CourtMinnesota Supreme Court

OPINION TEXT STARTS HERE

Appeal from District Court, Swift County; Gorham Powers, Judge.

Action by Nellie J. Kilborn against the Prudential Insurance Company. Judgment for defendant, and plaintiff appeals. Reversed, and judgment ordered for plaintiff.

Syllabus by the Court

When an applicant for insurance pays the first premium to the agent, the contract is consummated when the company accepts the application, executes a policy and deposits it in the mail directed to its agent for delivery to the applicant.

An agent is presumed to be acting within the scope of his authority.

The agent of a foreign insurance company who was authorized to solicit insurance in this state had authority by force of section 88, c. 175, p. 437, Gen.

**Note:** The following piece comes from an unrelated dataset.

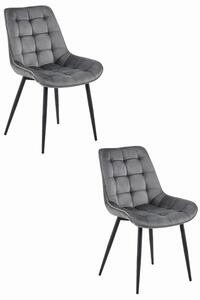 Set dvou jídelních židlí BERA sametové tmavě šedé / černé nohy (2ks)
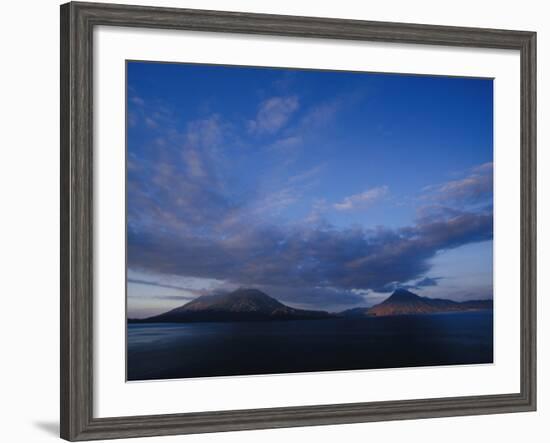 Scenic Volcanos at Sunset, Lake Atitlan, Guatemala-Merrill Images-Framed Photographic Print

Laws 1895, to collect the first premium.

An agent of a foreign life insurance company authorized by chapter 175, p. 392, Gen. Laws 1895, to solicit insurance and collect the first premium, has apparent authority to take a promissory note for the first premium.

Unless the applicant for insurance has knowledge of express limitations upon the authority of the agent the acceptance by the agent of a note in payment of the first premium is binding upon the company. F. P. Olney, for appellant.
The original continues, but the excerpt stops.